(DATASET ENTRIES begins)

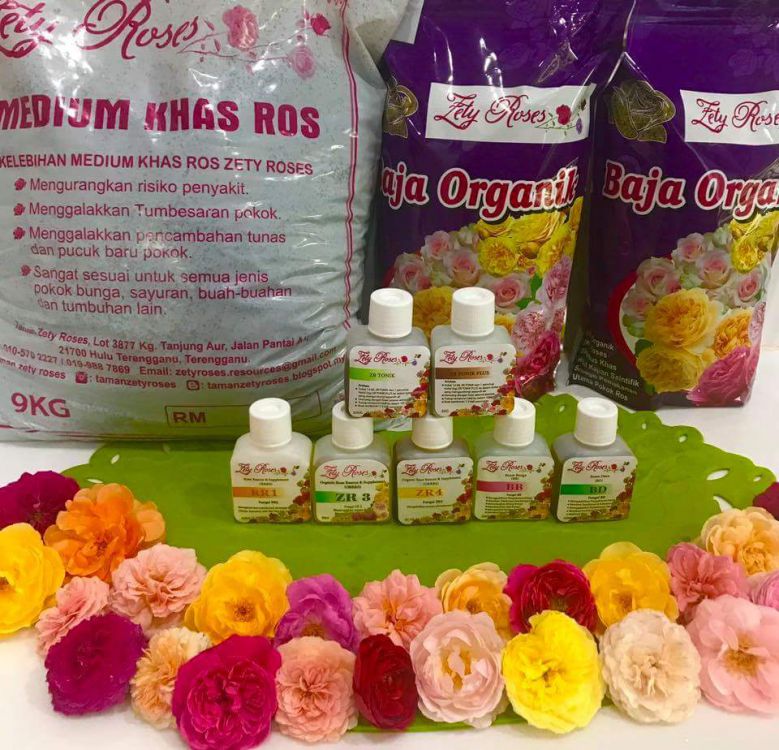 Rose Food Organic Viral Superb Iklanviral Net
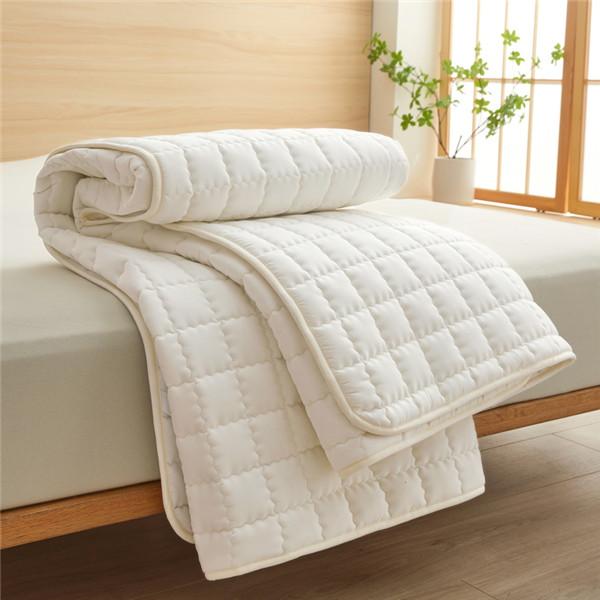 Waterproof  Mattress Pad Antibacterial and Mite-proof Bed Mat Non-Slip Mattress Cover Waterproof Thicken Quilted Bedspreads(No Pillowcases )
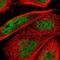 ETS Transcription Factor ELK3 antibody, NBP1-83960, Novus Biologicals, Immunofluorescence image 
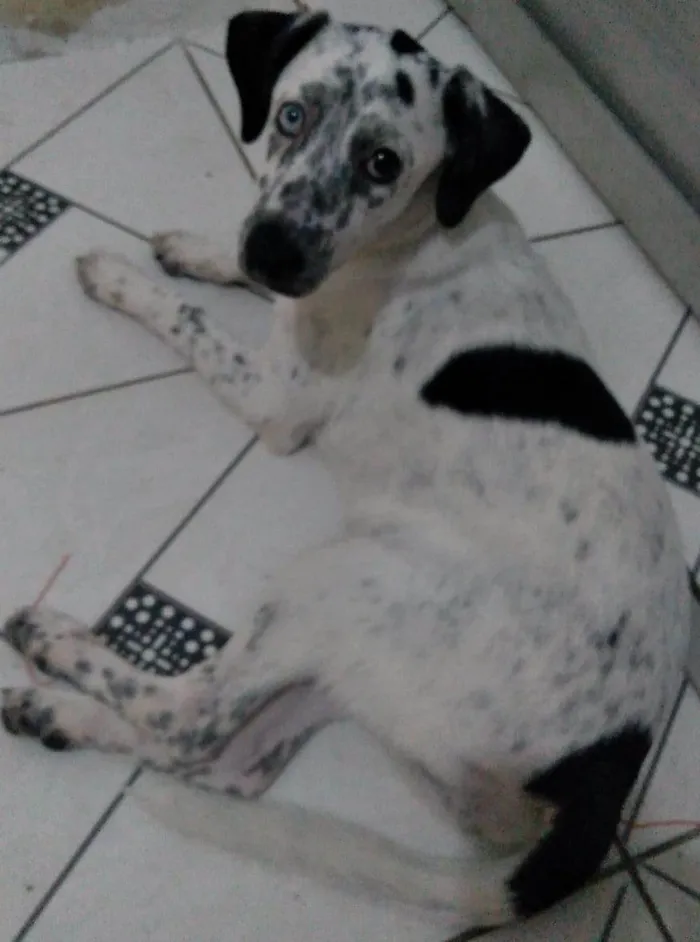 Cachorro ra a SRD-ViraLata idade 2 a 6 meses nome Azulene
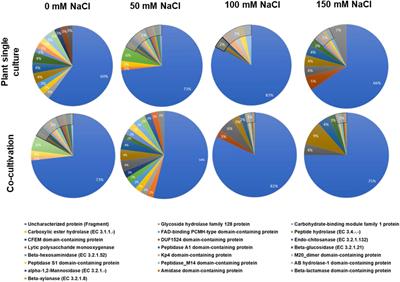 Comparative Secretome Analyses of Trichoderma/Arabidopsis Co-cultures Identify Proteins for Salt Stress, Plant Growth Promotion, and Root Colonization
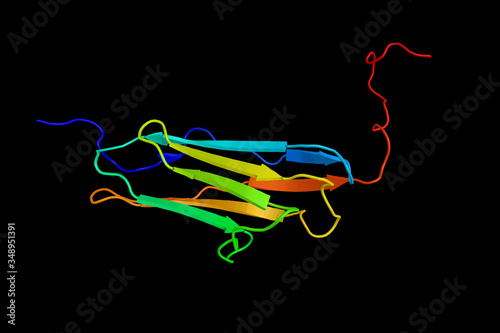 Tableau sur toile Myosin light chain kinase, smooth muscle, an enzyme which phosphorylates myosin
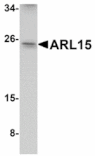 Western blot - ARL15 Antibody from Signalway Antibody (24932) - Antibodies.com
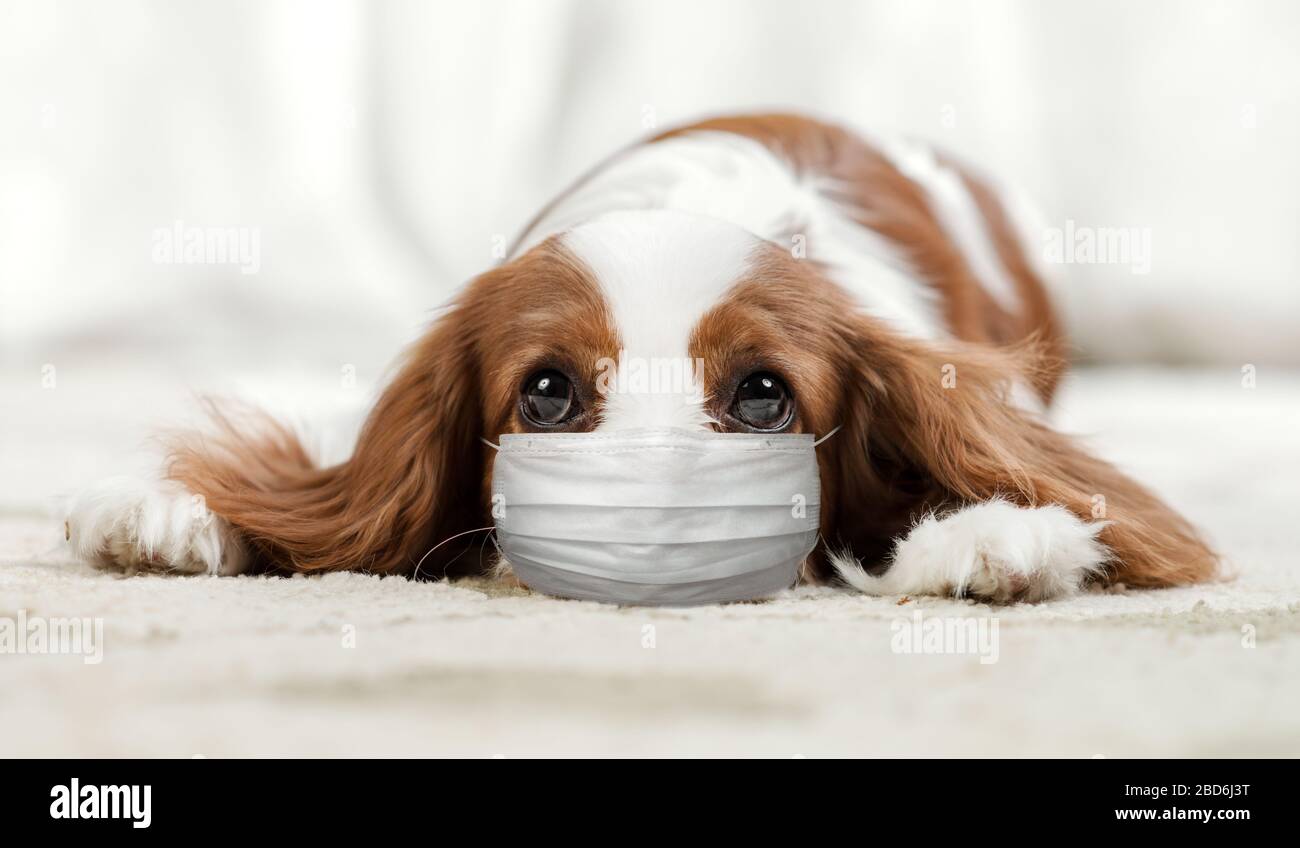 dog in medical mask lie in home. Concept covid-19 coronavirus pandemic Stock Photo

(DATASET ENTRIES ends)

WHAT TO DO →
In the records above, find the line containing "Bedspreads(No Pillowcases )" and the line containing "Tableau sur toile", then give both of them again word for word along with every line between. Omit any pictures.

WRITTEN RESPONSE →
 Waterproof  Mattress Pad Antibacterial and Mite-proof Bed Mat Non-Slip Mattress Cover Waterproof Thicken Quilted Bedspreads(No Pillowcases )
 ETS Transcription Factor ELK3 antibody, NBP1-83960, Novus Biologicals, Immunofluorescence image 
 Cachorro ra a SRD-ViraLata idade 2 a 6 meses nome Azulene
 Comparative Secretome Analyses of Trichoderma/Arabidopsis Co-cultures Identify Proteins for Salt Stress, Plant Growth Promotion, and Root Colonization
 Tableau sur toile Myosin light chain kinase, smooth muscle, an enzyme which phosphorylates myosin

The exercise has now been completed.